Ciepło-zimno

Mróz u mnie jak chyba wszędzie – nad ranem minus dwadzieścia pięć stopni. Sporo. Ale któregoś dnia sam się zdziwiłem – wyszedłem na podwórko, nawiozłem taczką trochę drewna do piwnicy i pomyślałem sobie: „Jakoś tak dzisiaj ciepło”. Wróciłem do domu i spojrzałem na termometr – było jakieś minus siedem. Chyba więc się już do zimowej aury przyzwyczajam. Powyżej minus pięciu jest już całkiem ciepło.
24.01.2010

Mróz u mnie jak chyba wszędzie – nad ranem minus dwadzieścia pięć stopni. Sporo. Ale któregoś dnia sam się zdziwiłem – wyszedłem na podwórko, nawiozłem taczką trochę drewna do piwnicy i pomyślałem sobie: „Jakoś tak dzisiaj ciepło”. Wróciłem do domu i spojrzałem na termometr – było jakieś minus siedem. Chyba więc się już do zimowej aury przyzwyczajam. Powyżej minus pięciu jest już całkiem ciepło.

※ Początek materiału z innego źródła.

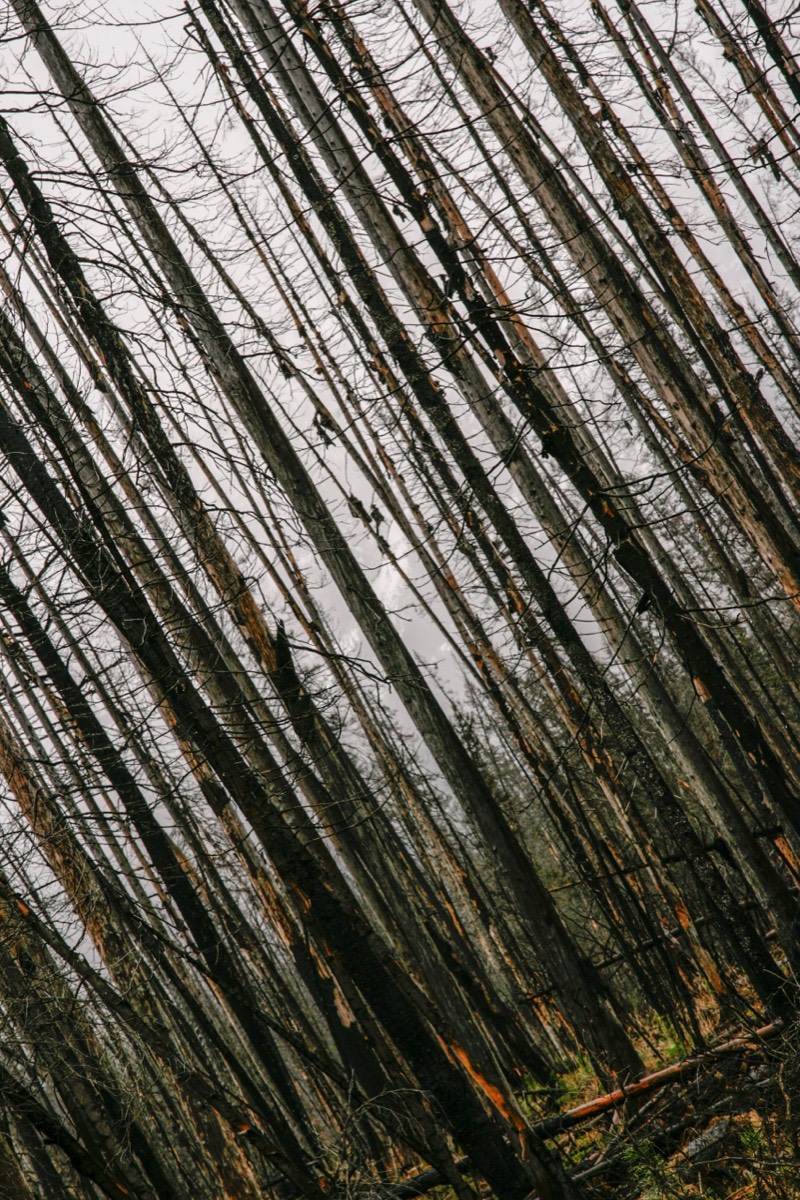 The trail cuts through bleak, blackened forest - Kootenay NP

Ale nie sądzę, żebym doszedł do takiego stanu przyzwyczajenia, o jakim czytałem niedawno. (W ogóle zima sprzyja lekturze – jest jakoś więcej czasu, a ponieważ brak telewizora uwalnia mnie od teleturniejów i tym podobnych, mogę sobie poczytać.) Książka jest autorstwa Jacka Hugo-Badera i ma tytuł „Biała gorączka”. Ogólnie jest o niedawnej podróży przez Syberię, ale dość nietypowej. Otóż autor „zwiedza” syberyjskie rejony samochodem typu UAZ – sam takim jeździłem przez pierwszych kilka lat pracy w lesie, więc wiele z opisywanych przez niego „narowów” tej radzieckiej produkcji terenówki jest mi dobrze znanych. Gość się do podróży w warunkach syberyjskiej zimy solidnie przygotował. Samochód kupił w Moskwie i w miejscowym warsztacie dostosował go do podróży, słuchając wartych złote góry rad mechanika, który UAZ-a był w stanie rozłożyć i złożyć z zamkniętymi oczami. Woził ze sobą drewno, żeby w razie czego móc rozpalić ognisko pod miską olejową, miał zestaw najbardziej awaryjnych części, a większość instalacji (elektryka, rozruch) została tak poprowadzona, że oprócz wersji podstawowej była również zapasowa a czasami i jeszcze jedna awaryjna. Zuch!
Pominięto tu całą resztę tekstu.